The Walking Dead star has explained the 'satisfying' but 'very stressful' role change they made for the new season of spin-off Dead City.
Lauren Cohan features in the series which is a branch off from the main show that was an adaptation of the popular comic books by Robert Kirkman. While the entire first season is currently streaming on Netflix, the second has recently began airing from May on AMC.
It is one of six Walking Dead spin-offs produced so far, including Fear The Walking Dead, The Walking Dead: World Beyond, Tales of the Walking Dead, The Walking Dead: Daryl Dixon, and The Walking Dead: The Ones Who Live.
Dead City focuses on the iconic characters of Maggie (Cohan) and Neegan (Jeffrey Dean Morgan) who find themselves in and around a post-apocalyptic New York City.
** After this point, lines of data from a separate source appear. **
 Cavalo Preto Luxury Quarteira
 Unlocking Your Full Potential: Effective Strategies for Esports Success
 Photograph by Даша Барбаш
The second series picks up a year following events of the first with warring factions fighting for control.
In an exclusive chat with Screen Time for Reach, Cohan reflected on the series return coming 15 years since the original debut of The Walking Dead on our screens.
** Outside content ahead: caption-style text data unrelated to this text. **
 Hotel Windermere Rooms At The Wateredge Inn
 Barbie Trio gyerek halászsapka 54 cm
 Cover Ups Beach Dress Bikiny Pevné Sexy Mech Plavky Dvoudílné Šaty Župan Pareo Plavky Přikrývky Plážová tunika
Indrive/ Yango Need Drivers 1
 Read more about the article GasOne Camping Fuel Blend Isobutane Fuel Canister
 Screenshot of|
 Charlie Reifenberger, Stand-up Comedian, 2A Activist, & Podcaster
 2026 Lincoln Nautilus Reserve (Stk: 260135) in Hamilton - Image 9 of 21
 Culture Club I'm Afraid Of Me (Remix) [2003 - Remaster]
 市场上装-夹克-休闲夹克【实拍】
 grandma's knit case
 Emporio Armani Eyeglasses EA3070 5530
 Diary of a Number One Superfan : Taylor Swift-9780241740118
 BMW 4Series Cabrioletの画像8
She said: "It's such a funny thing, isn't it? When I reflect the first thing I always think of is like starting on season two of The Walking Dead, doing my audition, getting to Georgia, meeting everyone, those first days, learning my lines and then it's almost like there's this 14 and a half year gap, where I'm just here today, I'm just like oh yeah that happened. Meanwhile I was living 14 and a half years of my life."
Cohan went on to describe having seminal moments even when returning to work on Dead City as she prepared for a new role in its production. She said: "I even have (those moments) from shooting season two (of Dead City) because we had a lot of detail and I was involved on a deeper level by directing one of the episodes and that became a seminal experience in and of itself."
The actor, who has played Maggie Greene since 2011, is credited as the director for the sixth episode of Dead City season two. She explained the satisfaction and stress that came with the job.
She explained: "Being able to direct on a creative level is so satisfying because you collaborate with everyone and you get to you get to go into their world. You go into the production designers' world you go into the costume designers' world.
"A really big thing about it that I didn't know until I really did it is the way you approach as an actor can be obviously, very isolated and how you're approaching it, building a character. You get to go and collaborate with everyone. They're all doing the same kind of script analysis and so you all get to just sort of like love on the story together and it's a group thing and being in the room when you deliver a tone meeting and everybody's like, okay cool this scene is about this and how is each department going to deliver on that aspect? It's fun. It's really stressful sometimes, but it's really fun."
When asked about fan expectation all these years into the franchise and having to suddenly direct her co-stars, Cohan admitted: "I felt like the responsibility to the fans is baked in because we know it, we love it. We just don't want to get in the way of the thing we love. And the responsibility to my co-stars, working with the actors is the best part of the whole thing because we speak the language."
She continued: "When you're an actor, you know to approach your co-stars in a certain kind of way or you don't, but you wonder if they like being approached the same way you do when you're concentrating. So they've become these very quiet tender moments that you get to have in what is a melee of activity."